## REQUIRED ACTION
Where a line of the data holds the word "para", copy that line.

## SOURCE MATERIAL
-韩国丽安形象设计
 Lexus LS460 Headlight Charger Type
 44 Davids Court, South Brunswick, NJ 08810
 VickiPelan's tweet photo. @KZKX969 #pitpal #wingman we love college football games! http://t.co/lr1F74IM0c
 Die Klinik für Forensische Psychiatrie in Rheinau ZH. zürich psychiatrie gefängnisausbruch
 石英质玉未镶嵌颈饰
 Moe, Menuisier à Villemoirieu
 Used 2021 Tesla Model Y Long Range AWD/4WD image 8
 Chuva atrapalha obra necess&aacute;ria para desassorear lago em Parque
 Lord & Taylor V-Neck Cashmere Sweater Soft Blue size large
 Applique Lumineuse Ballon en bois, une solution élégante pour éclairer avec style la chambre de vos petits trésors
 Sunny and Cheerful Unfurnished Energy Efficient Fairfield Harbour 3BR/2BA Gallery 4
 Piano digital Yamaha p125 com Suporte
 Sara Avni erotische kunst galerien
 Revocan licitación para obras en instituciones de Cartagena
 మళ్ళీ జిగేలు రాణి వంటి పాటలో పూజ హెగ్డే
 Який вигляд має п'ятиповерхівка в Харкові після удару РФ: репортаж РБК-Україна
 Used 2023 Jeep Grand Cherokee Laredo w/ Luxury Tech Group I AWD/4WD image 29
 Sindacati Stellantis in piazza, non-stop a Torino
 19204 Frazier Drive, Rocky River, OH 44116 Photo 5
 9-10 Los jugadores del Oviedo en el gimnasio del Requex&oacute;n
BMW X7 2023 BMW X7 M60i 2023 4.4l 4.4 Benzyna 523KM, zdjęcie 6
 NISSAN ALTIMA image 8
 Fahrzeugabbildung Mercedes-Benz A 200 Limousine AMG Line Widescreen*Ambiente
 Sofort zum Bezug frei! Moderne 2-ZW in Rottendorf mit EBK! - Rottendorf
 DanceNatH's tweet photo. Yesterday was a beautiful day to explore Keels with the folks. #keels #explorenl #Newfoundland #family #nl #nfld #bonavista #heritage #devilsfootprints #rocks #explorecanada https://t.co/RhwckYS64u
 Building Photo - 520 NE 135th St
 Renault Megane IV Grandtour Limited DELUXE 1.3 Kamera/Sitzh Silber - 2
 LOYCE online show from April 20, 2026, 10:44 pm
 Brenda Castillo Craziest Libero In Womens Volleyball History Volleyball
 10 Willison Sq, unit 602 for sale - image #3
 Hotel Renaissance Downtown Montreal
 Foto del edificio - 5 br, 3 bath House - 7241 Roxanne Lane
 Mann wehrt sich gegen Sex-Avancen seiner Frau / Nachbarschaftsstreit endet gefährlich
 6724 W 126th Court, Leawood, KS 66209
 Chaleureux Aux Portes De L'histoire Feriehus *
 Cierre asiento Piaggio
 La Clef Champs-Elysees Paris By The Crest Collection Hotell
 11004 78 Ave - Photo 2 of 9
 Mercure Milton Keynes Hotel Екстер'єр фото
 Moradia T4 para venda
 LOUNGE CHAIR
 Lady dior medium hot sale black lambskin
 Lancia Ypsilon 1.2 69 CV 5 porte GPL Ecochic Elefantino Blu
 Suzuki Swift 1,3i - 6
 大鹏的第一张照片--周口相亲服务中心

## OUTPUT FOR THIS TASK
 Chuva atrapalha obra necess&aacute;ria para desassorear lago em Parque
 Revocan licitación para obras en instituciones de Cartagena
 Moradia T4 para venda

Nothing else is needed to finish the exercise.